» **Task prompt**: After locating the line that bears "8 Channel Voltage", restate word for word that line and the rest of the listing to its final line, excluding all pictures.

» **Given information**:

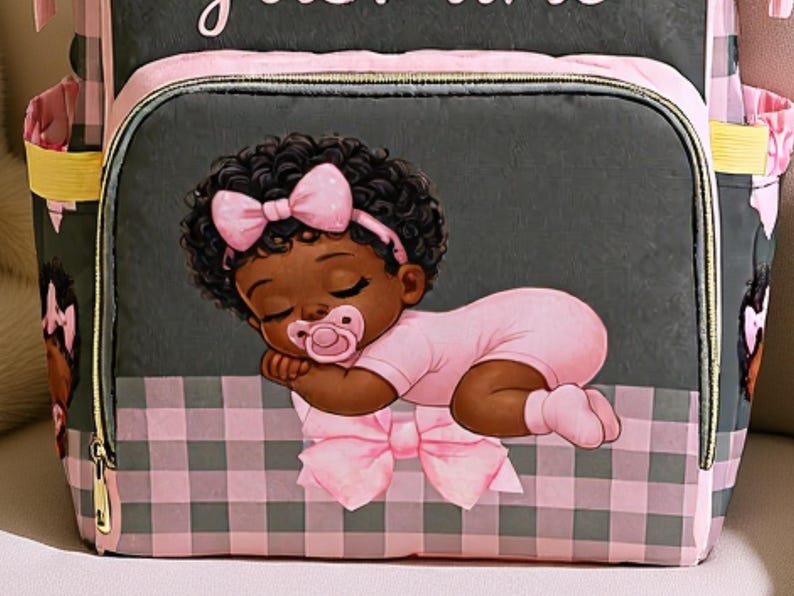 Diaper Bag Black Baby Girl in Pink Ruffle Diaper Custom Diaper Bag Girl Personalized Pink Baby Shower Gift Waterproof Mommy Bag Gifting Idea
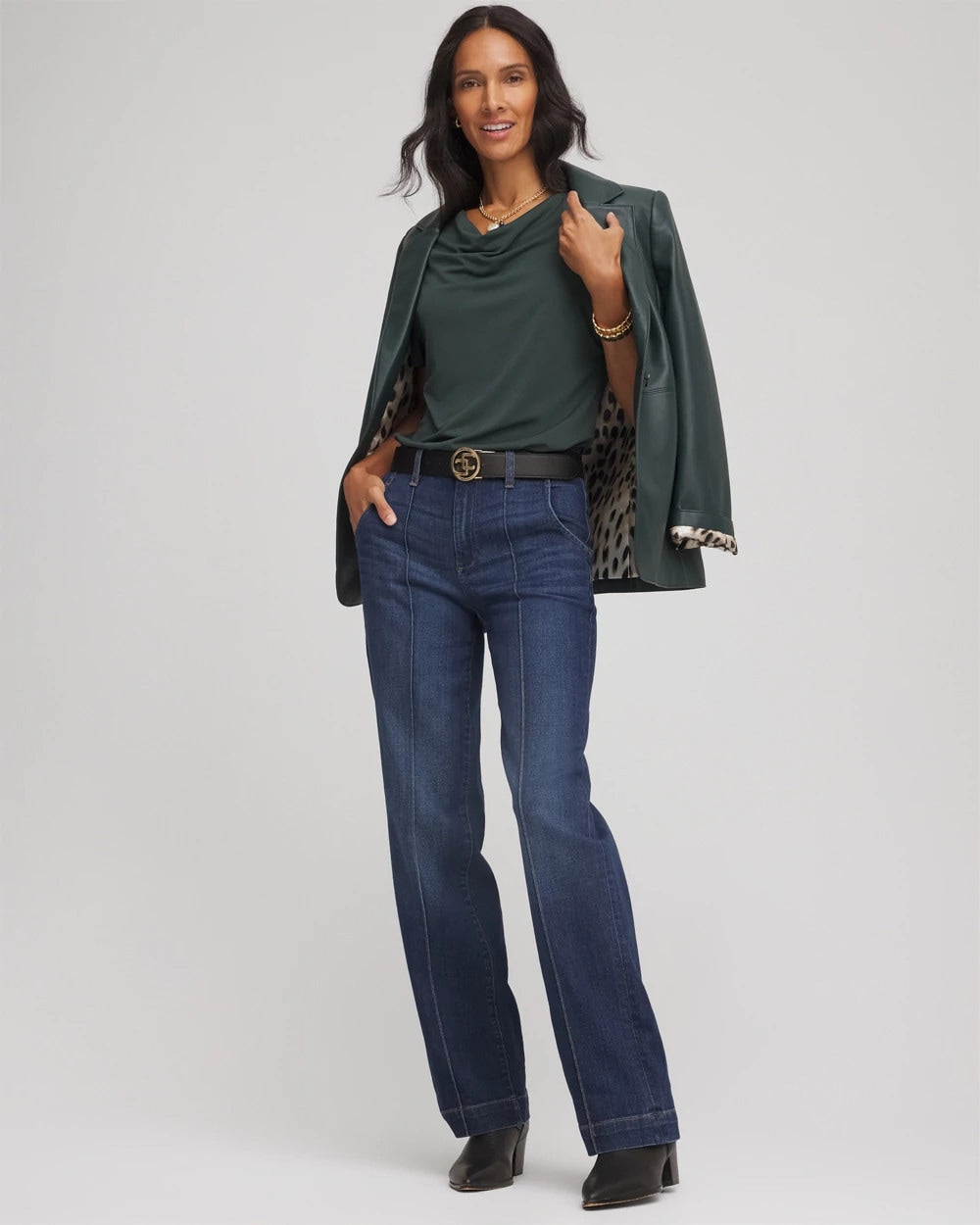 Chico's Jersey Knit Cowlneck Tee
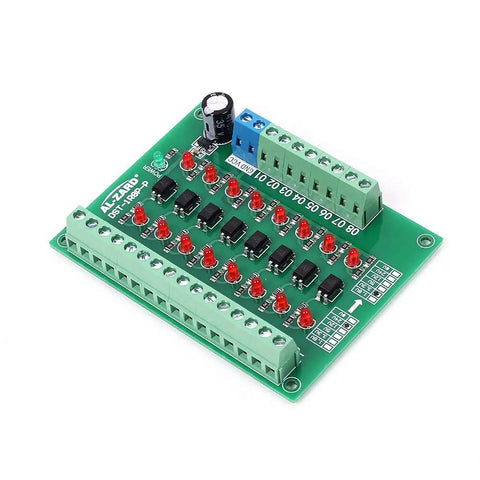 8 Channel Voltage Level Converter Module From 24V To 3V3 For MCU And PLC PNP NPN Signal Translator Fast 20KHz Conversion Handy PCB Board For DIY Pros Everyday featuring red LED indicators and terminal blocks.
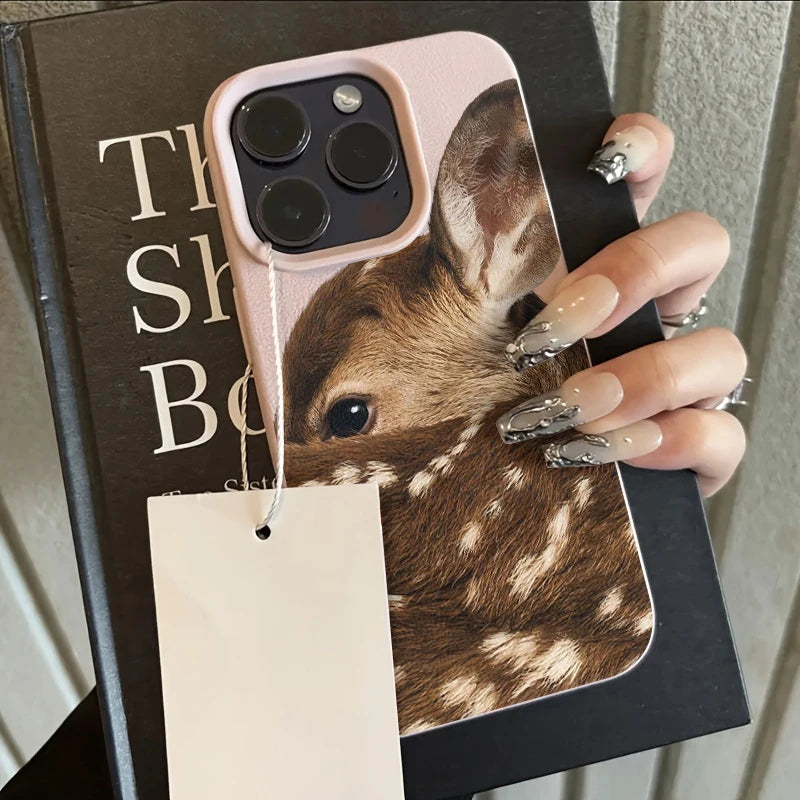 Close-Up Sika Deer Illustration Pattern TPU Case for iPhone 17 Pro Max 16 15 14 13 12 11 Plus Stylish TPU Soft Cover Funda Coque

» **Task output**:
 8 Channel Voltage Level Converter Module From 24V To 3V3 For MCU And PLC PNP NPN Signal Translator Fast 20KHz Conversion Handy PCB Board For DIY Pros Everyday featuring red LED indicators and terminal blocks.
 Close-Up Sika Deer Illustration Pattern TPU Case for iPhone 17 Pro Max 16 15 14 13 12 11 Plus Stylish TPU Soft Cover Funda Coque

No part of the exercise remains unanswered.